11 years of 26/11 Mumbai attack: A tribute to victims, heroes; revisiting  night of terror | India News – India TV

According to a book by journalists Adrian Levy and Cathy Scott-Clark, India, which was ignored by the CIA over Pakistan during America’s “war on terror” and the decades before it, became a member of an exclusive surveillance group after the 26/11 Mumbai attacks, making it a formidable intelligence force.

Despite being enriched with billions of dollars after 9/11, Pakistan’s entropy, according to the book “Spy Stories – Inside the Secret World of the RAW and ISI,” released this week, brought the American intelligence community to Delhi, albeit reluctantly.

The Research and Analysis Wing (RAW) was invited by the US National Security Agency (NSA) to join a regional body known as SSPAC (Signals Intelligence Senior Pacific) in 2008, according to the book, which was a “step up” for India, which had been attempting to gain Washington’s attention for a long time.

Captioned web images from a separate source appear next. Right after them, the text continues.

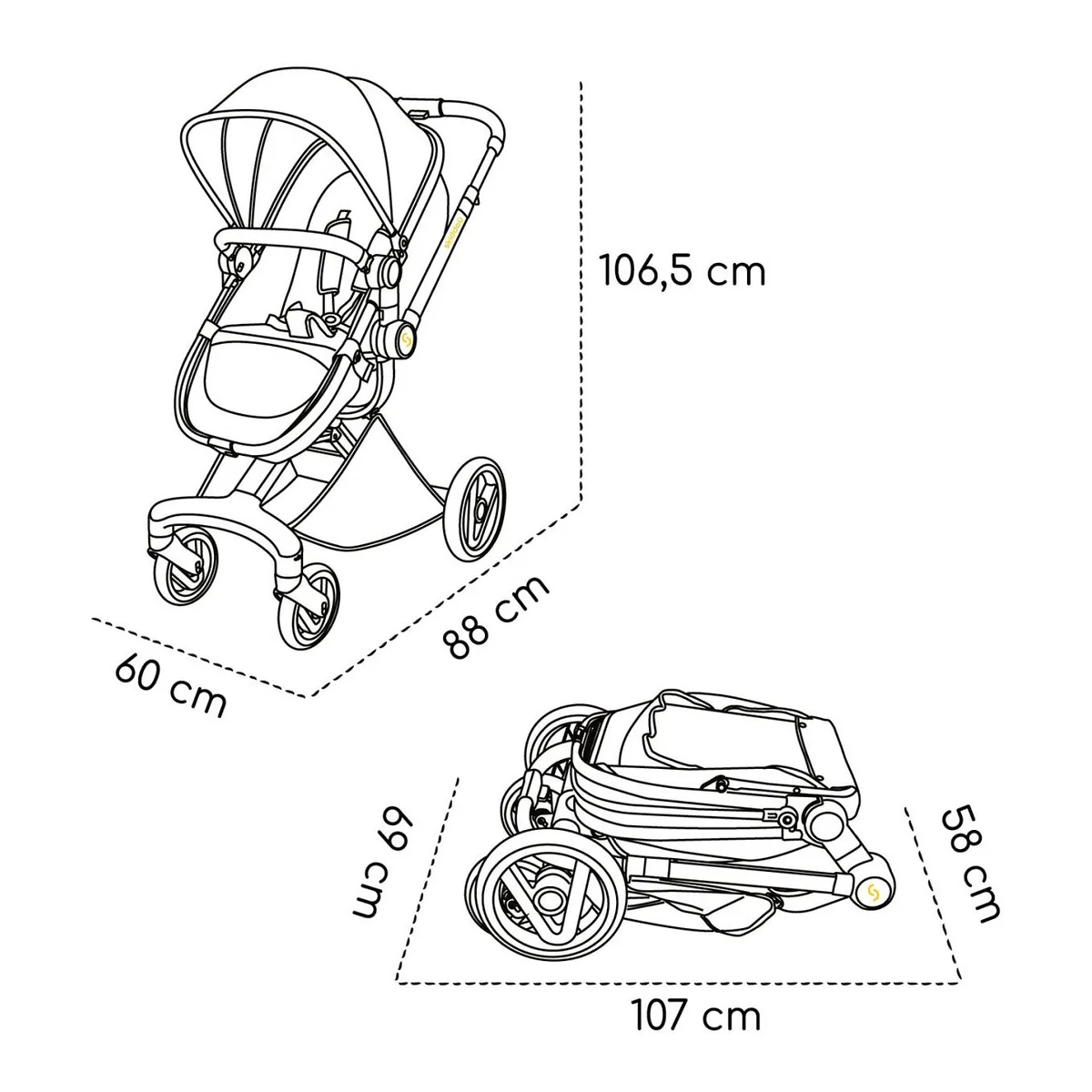 Carucior transformabil 2 in 1 Skiddou Nasjo Normandic Dream, Gri [2]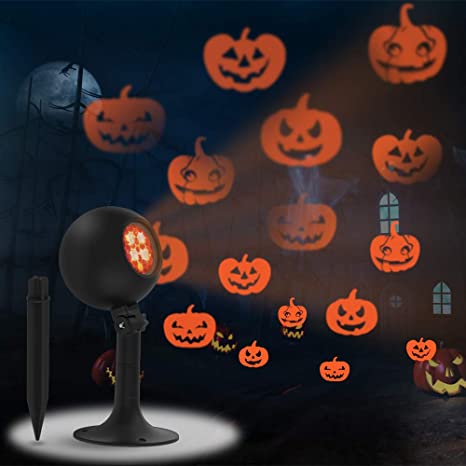 Halloween Lights, Outdoor Projector Decorations Indoor LED Projection Light Dynamic Different Pumpkin Patterns Show Holiday Landscape Outside Spotlight for Party House Porch Wall Gate Garage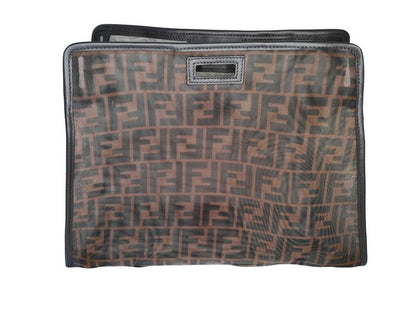 Fendi Bag Cover Peekaboo Defender Brown Mesh Leather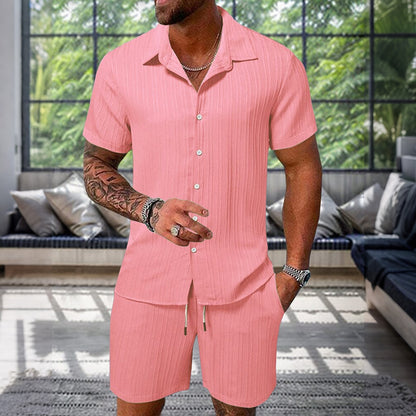 Cardydony Men's Leisure Textured Shirt Set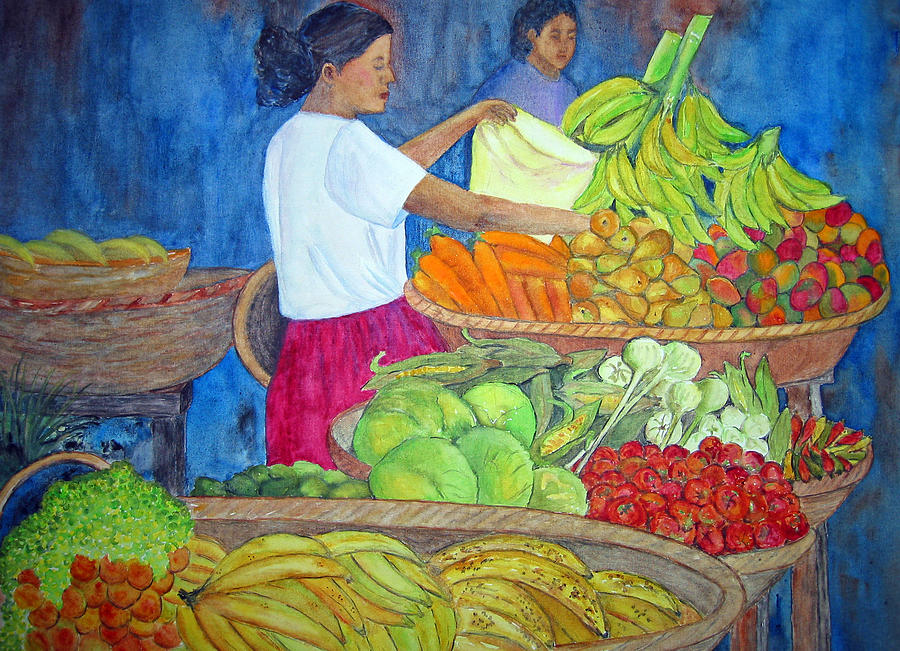 Nicaraguan Market Day Painting by Patricia Beebe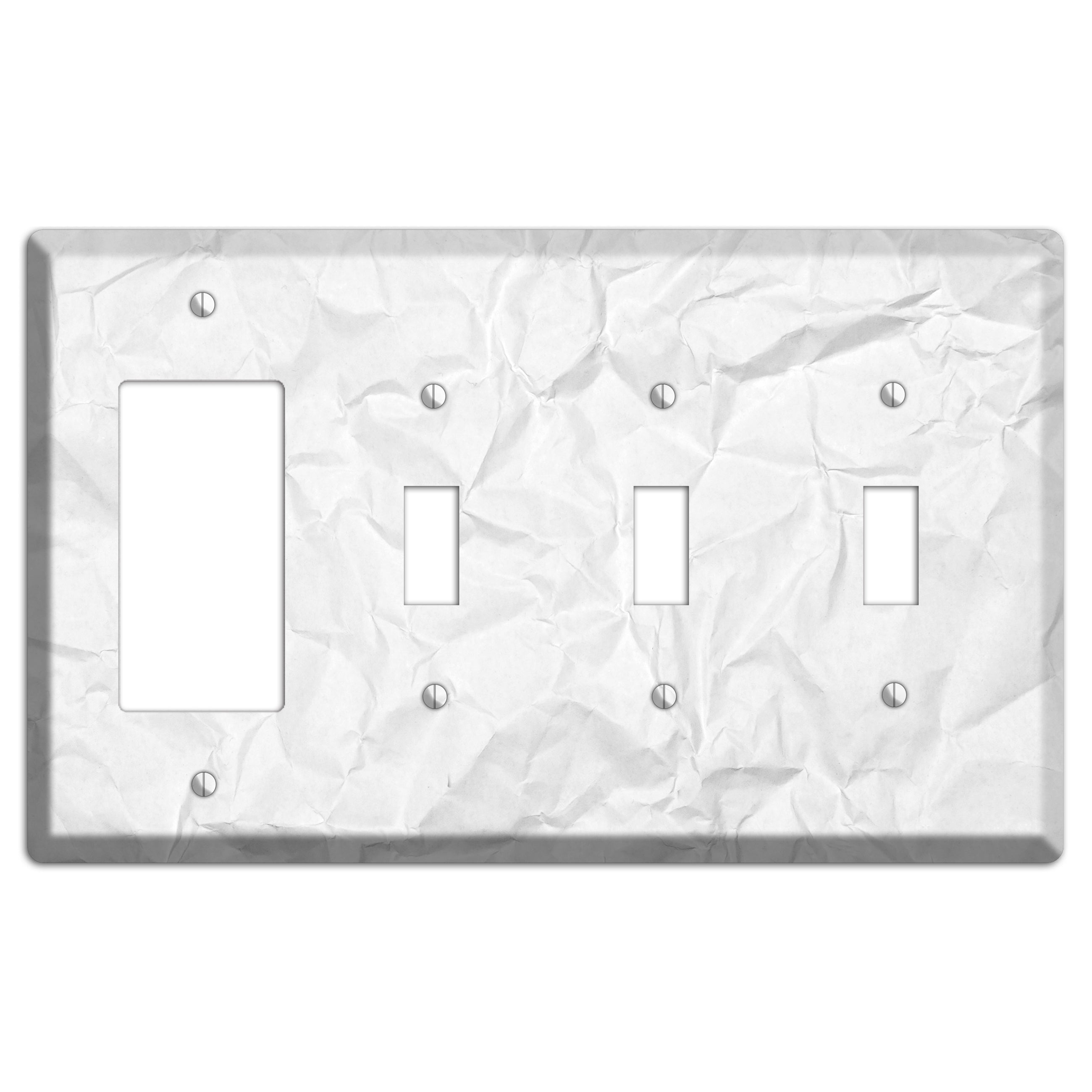 Concrete Crinkled Paper Rocker / 3 Toggle Wallplate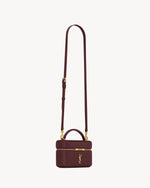 Saint Laurent Gaby mini vanity bag Burgundy with box packaging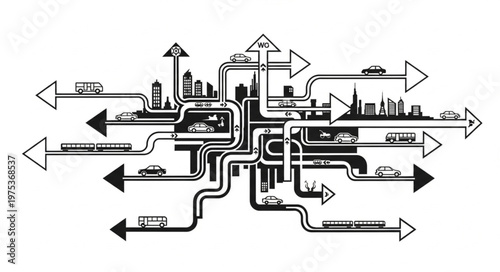 Complex Urban Transportation Network with Arrows and City Silhouettes.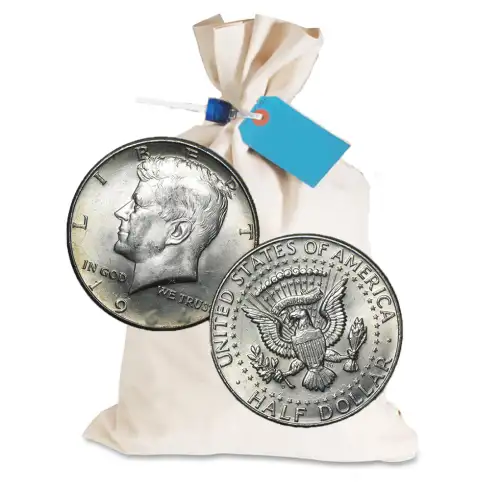 90% Silver - $250 FV Kennedy Half Dollars Bag Circulated/Junk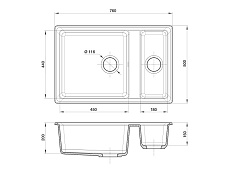 Кухонная мойка GranFest Level GF-LV-760K 76 см черный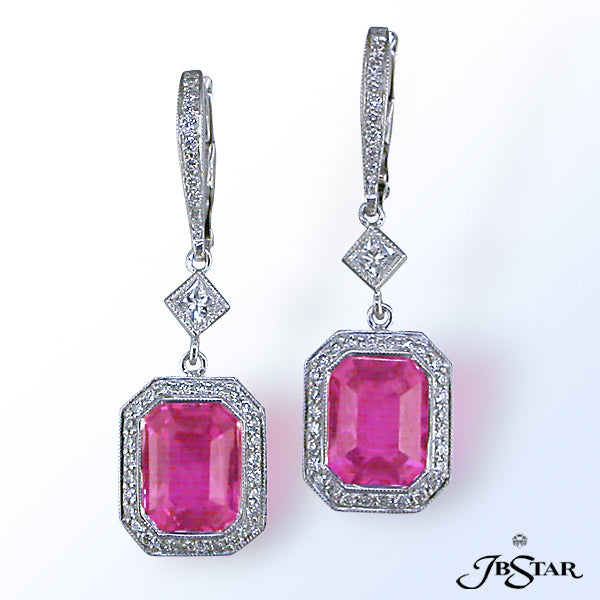 JB STAR PINK SAPPHIRE EARRINGS FEATURING STUNNING 7.23 CTW EMERALD-CUT PINK SAPPHIRES EDGED IN MICRO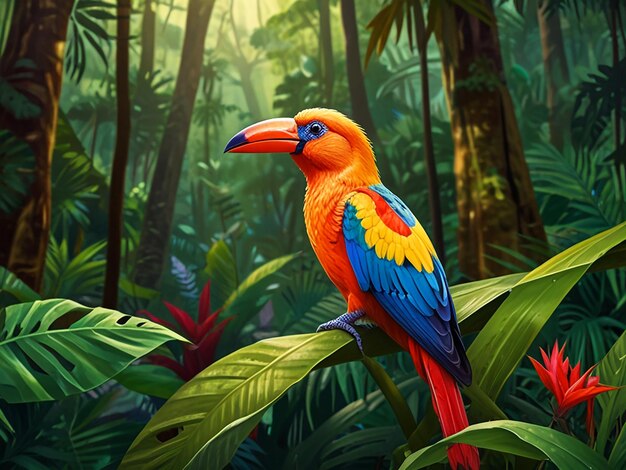 Colorful tropical bird in jungle on a sunny day Rainforest illustration with bright beautiful birdie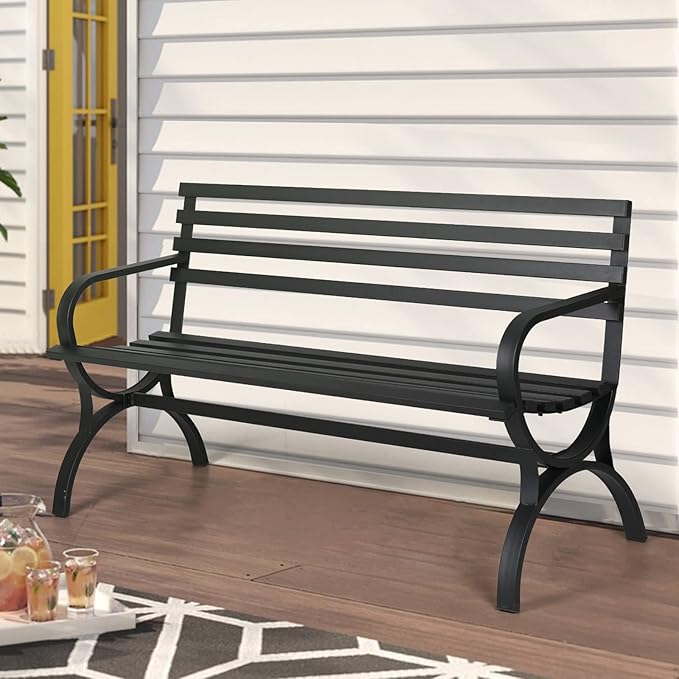 Metal Outdoor Bench, 50" Outdoor Garden Bench Patio Park Bench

The so-called Five Eyes countries – the United States, Australia, Canada, New Zealand, and the United Kingdom – as well as South Korea, Singapore, and Thailand – were all members of this exclusive surveillance group.

The SSPAC is a technical intelligence sharing platform where countries pooled their signals gathered through eavesdropping while also building trust and learning new surveillance techniques.

According to the book, the RAW finally broke through and won NSA accolades. “The RAW officers were now ‘read into’ some highly classified reports and exposed to data generated by cutting-edge technology and coding that bore into Islamist hotspots,” according to the report.

To find suspects and describe their relationships – which extended to even larger friendship circles – massive amounts of sensitive metadata from a massive volume of calls and messages in Five Eyes member states and (secretly) beyond were pooled.

“This meant the sender and recipient details for emails, or the phone numbers someone called from, and to, as well as time stamps for when these messages, emails, and calls were sent and made. All of it would be funnelled into a new reference repository, known as SMAC, or the Sensitive Metadata Analytic Collaboration programme,” the authors write.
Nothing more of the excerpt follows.